The big surprise is how bad former Massachusetts Governor Mitt Romney’s numbers are. They are, frankly, almost bad enough to bump him out of the first tier of candidates.”

(Of course, if Hynes really believes the Governor is no threat to his boss, he’ll stop constantly blogging about such a “second tier” candidate.) Of the bloggers who aren’t paid McCain consultants, John Hinderaker at Power Line writes:

[B]uzz among politics junkies, and even the media generally, doesn’t quickly translate into name recognition among the general public.…Mitt Romney seems to have established himself as a credible, first-tier candidate on the Republican side, but the voters haven’t noticed yet.

John also wonders how he can gain the name recognition of a Rudy or McCain. Co-blogger Paul Mirengoff adds:

[T]he electorate sees [Romney] as a blank slate, but he seems to have the time and the resources to overcome that problem and therefore the opportunity, given his talent, to build a favorable image.

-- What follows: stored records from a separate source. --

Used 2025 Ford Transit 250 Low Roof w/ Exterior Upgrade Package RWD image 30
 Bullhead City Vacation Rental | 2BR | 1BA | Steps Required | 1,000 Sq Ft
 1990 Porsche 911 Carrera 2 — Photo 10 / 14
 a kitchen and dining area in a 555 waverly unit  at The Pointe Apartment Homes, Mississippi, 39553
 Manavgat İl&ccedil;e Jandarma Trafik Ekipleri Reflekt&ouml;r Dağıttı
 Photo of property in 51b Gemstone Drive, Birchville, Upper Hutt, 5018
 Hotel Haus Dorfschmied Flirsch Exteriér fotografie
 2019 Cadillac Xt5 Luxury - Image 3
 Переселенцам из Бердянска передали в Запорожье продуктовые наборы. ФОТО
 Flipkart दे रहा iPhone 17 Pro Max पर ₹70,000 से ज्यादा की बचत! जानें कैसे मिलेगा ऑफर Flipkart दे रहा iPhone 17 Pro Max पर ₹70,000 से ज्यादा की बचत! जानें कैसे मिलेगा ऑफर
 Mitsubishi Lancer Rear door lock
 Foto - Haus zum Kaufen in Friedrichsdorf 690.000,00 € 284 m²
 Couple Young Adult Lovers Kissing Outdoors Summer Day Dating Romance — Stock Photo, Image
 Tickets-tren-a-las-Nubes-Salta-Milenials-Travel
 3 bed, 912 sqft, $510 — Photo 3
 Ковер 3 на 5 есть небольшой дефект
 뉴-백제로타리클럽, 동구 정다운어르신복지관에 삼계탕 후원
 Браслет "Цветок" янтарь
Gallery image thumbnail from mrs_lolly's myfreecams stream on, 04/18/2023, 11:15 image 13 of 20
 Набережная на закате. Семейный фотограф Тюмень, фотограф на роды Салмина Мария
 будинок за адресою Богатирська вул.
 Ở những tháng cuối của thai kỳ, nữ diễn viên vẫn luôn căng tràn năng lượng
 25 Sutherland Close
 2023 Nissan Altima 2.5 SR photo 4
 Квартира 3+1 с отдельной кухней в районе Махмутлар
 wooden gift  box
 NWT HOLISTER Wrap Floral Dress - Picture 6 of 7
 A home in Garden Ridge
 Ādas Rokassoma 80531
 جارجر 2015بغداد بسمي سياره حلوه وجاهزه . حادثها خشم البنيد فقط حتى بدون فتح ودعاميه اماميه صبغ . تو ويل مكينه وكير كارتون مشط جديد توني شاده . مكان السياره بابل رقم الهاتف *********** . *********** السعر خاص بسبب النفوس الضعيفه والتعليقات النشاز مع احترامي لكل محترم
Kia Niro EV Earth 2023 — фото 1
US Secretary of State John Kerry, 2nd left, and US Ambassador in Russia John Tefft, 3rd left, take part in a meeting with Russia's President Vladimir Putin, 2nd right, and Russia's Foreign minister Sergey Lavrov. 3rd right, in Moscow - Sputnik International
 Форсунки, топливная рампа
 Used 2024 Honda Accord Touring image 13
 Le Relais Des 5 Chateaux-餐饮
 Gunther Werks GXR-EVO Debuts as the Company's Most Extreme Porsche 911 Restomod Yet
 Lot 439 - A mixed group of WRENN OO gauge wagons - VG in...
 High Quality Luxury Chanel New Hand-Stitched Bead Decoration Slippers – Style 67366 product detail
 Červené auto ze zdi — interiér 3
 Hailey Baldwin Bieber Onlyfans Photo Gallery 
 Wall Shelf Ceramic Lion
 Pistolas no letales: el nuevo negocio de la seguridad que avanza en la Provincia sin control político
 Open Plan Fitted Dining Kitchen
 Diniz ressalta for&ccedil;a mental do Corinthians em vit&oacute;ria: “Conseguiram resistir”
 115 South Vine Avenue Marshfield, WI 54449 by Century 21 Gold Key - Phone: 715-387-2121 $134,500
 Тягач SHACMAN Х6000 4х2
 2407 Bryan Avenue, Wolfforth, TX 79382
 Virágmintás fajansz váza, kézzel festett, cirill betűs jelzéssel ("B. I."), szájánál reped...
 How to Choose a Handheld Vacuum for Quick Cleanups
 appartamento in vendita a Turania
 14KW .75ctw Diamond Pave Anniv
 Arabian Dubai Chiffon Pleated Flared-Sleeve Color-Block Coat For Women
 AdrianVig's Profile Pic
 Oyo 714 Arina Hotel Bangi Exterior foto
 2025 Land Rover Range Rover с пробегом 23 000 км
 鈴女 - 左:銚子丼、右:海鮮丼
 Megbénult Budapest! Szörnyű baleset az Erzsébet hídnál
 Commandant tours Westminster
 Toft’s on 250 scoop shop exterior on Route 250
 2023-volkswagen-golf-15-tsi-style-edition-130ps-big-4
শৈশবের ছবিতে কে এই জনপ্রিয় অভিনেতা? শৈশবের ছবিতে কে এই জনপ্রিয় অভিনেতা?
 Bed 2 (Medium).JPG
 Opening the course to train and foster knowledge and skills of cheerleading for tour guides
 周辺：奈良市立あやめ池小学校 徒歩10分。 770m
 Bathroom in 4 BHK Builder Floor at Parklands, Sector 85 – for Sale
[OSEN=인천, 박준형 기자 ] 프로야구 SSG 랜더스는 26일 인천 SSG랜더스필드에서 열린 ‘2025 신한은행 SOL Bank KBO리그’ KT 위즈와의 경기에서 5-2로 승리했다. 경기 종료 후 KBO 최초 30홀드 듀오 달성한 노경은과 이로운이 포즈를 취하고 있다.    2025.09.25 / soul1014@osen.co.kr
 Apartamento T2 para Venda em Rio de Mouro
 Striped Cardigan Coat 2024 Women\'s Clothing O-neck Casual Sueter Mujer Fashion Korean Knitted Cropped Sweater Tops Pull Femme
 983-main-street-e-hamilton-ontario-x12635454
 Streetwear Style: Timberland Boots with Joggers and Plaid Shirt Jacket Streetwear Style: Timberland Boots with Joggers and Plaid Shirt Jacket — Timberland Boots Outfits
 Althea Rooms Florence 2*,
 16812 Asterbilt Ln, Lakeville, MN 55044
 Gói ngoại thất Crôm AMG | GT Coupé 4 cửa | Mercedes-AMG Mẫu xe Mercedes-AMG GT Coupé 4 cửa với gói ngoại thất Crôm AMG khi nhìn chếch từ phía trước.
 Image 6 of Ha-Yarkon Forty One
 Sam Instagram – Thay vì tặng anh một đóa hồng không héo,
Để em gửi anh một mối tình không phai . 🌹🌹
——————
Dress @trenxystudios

In fact, 85% of respondents to the CBS poll said they did not have enough information on Gov. Romney to make a decision. This is both an opportunity and a challenge as we move into 2007. As we’ve said repreatedly here at EFM, the more people get to know Gov. Romney, the more they’ll like him. This actually is not a small detail, since this doesn’t seem to be the case with some of the other candidates.
Mark Steyn said he believes all of the candidates are defective in some way:

Mitt Romney I like, in many ways, because I think his kind of Mormonism is the least problematic baggage of the major candidates.